THE INTERNAL STREET : A PHYSICAL AND HISTORIC LINK The gap between the two buildings merited special attention. As we wanted transparency from inside the building out to the town, and even the sky, we preferred to place the structure longitudinally rather than transversely and minimise all intermediate cross-braces. To obtain a very neutral use of space, we used microglass panelling as cladding, set at the smallest angle required to comply with regulations. We opted for a half-portal structure in welded steel sections with the core removed to house the joinery and run the water pipes.
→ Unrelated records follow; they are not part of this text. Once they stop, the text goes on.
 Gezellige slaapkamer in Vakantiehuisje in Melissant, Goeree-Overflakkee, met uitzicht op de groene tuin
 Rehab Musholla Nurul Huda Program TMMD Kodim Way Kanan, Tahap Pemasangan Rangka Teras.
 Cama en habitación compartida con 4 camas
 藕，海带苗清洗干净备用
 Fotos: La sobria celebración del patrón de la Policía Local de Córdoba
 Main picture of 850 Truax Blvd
It was no easy feat to achieve thermal optimisation, and this seriously influenced the detailed design of the system.
DOUBLE-SKIN EXTENSION BUILDING: A VIBRATO OF A FAÇADE A double-skin façade ‘clads’ the opaque walls of the extension’s main sections (exhibition areas and two auditoriums). The façade has been designed to even out the changing light in Nancy and trap the noise from the railway tracks and prevent it from reverberating into the town. The double skin comprises an inner skin made of extruded aluminium cladding (to protect the external thermal insulation) and an outer skin in printed glass. Our research first led us towards using horizontal supporting elements, and keeping any vertical or sloping elements out of sight. We then designed a hybrid system to secure the glass, with a continuous glazing depth at the top and cold drawn-steel point fixings at the bottom.
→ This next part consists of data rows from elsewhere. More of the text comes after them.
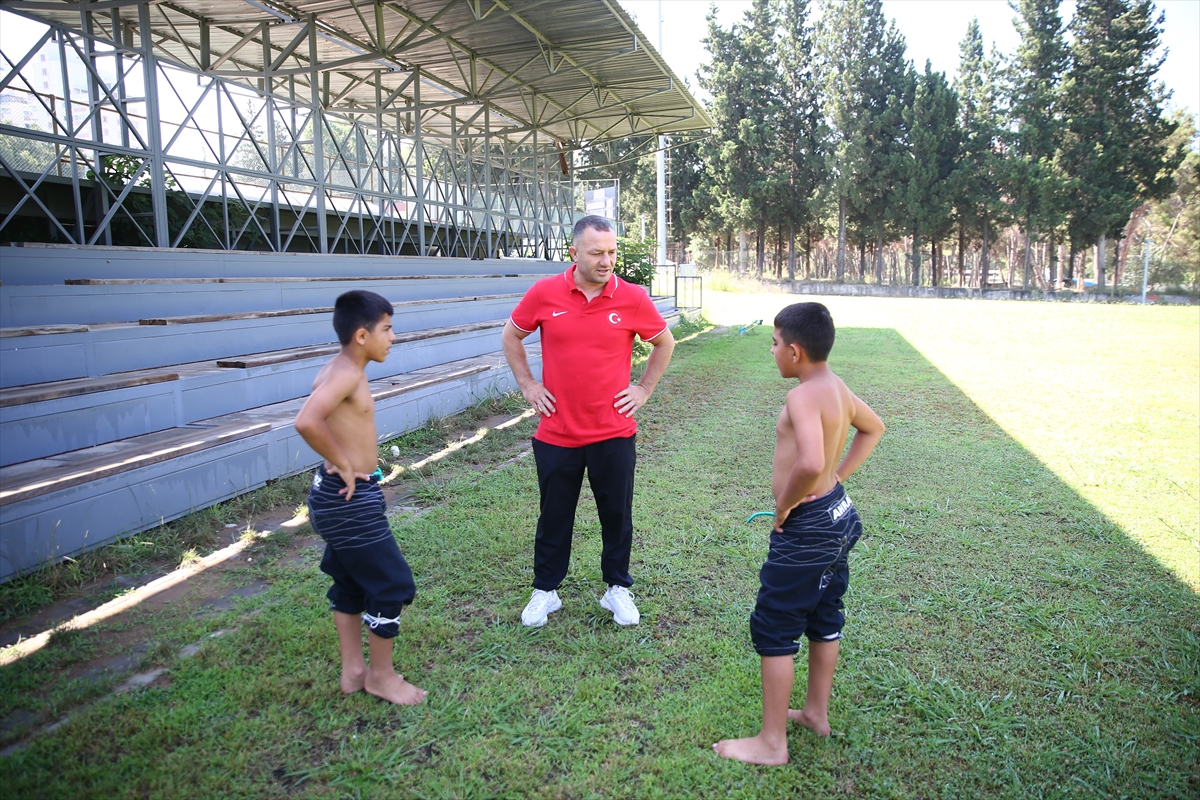 İkiz Güreşçiler: Aile Geleneğini Olimpiyatla Taçlandıracağız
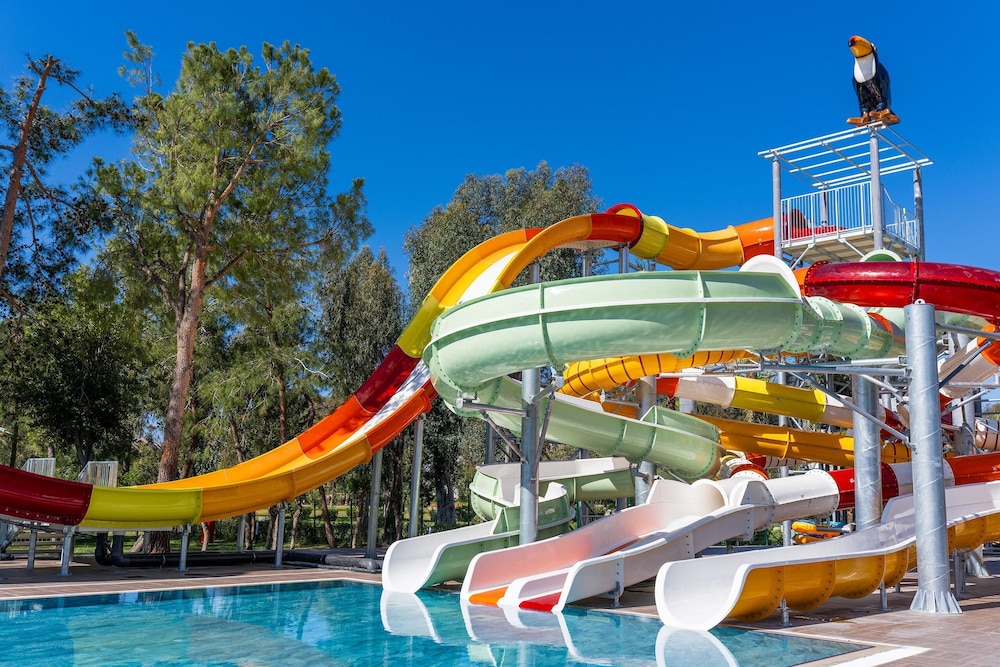 Megasaray Resort Side — Swimming pool in Titreyengol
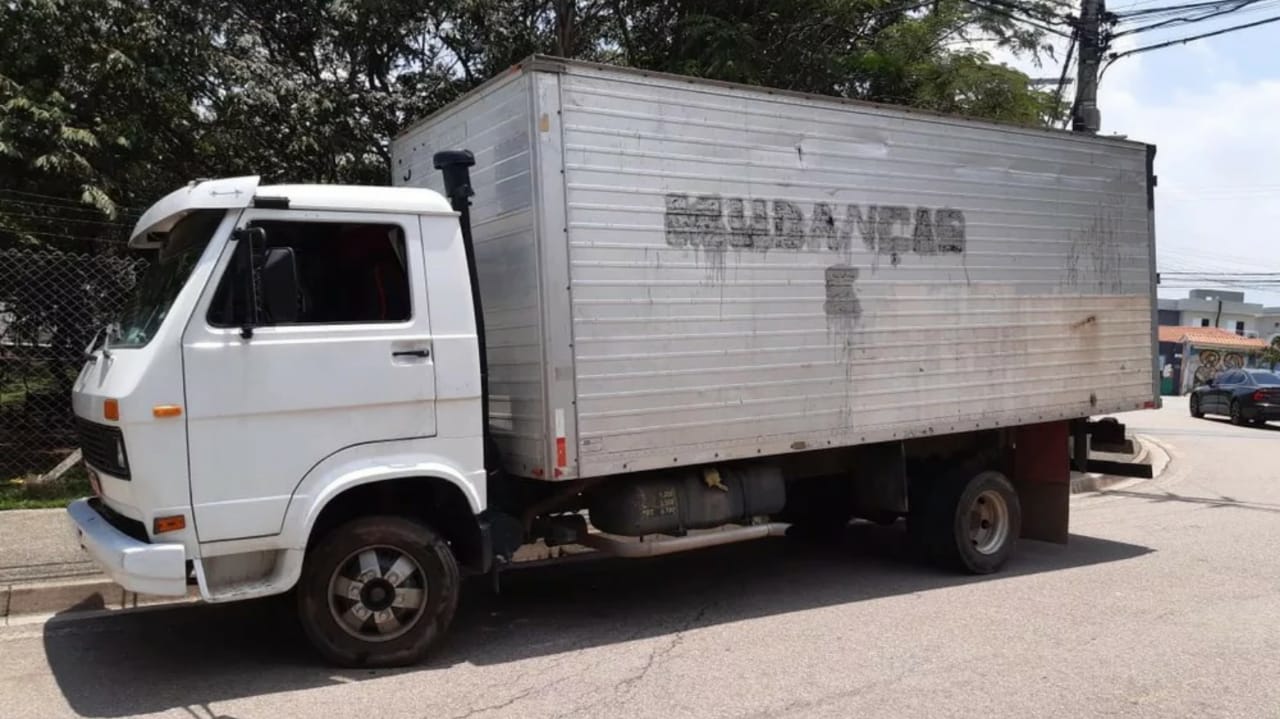 Caminhão apreendido com suspeito de ter participado de roubo de carga em Jundiaí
The closer the building is to the railway tracks, the more important the acoustic function of the double skin is to the design.The outer skin includes all open surfaces, and non-abutting glazing, sometimes as far apart as 250mm, acting as a Helmholtz resonator and ‘trapping’ any sound waves that might enter. The inner skin, through the perforated cladding and the mineral wool insulation placed behind it absorbs any sound waves that might penetrate the double skin. The acoustic and architectural requirements of this project led us to design parametric model with random spatial variables which allowed us to propose a glazing layout for this façade which includes acoustic, technical and architectural variables.
EXTENSION BUILDING THE PURSUIT OF TRANSPARENCY The architect designed the extension on the basis of the principle of hollowing out a mass. Any passages in this opaque block had therefore to be as transparent as possible. To respond to this architectural goal, we innovated and created a façade with virtually no mullions. The façade mullions take their dimensions from the adjacent façade (height 2130mm grid 1500mm). The resulting section is applied uniformly to the extension façade with a variable height of 2500mm to 10000mm. A ‘tense’ façade: the Extension façade is made up of mullions of widths of up to 10m between supports. In order to ensure that the section of the mullions is small, they are permanently tensioned. This tension improves the stiffness of the mullions in the wind and creates an acceptable deflection for the glazing. Principle of tensioning (picture bellow): the façade mullions are tensioned by springs in the upper part. The springs are supported by horizontal consoles which transfer the heavy loads to the concrete.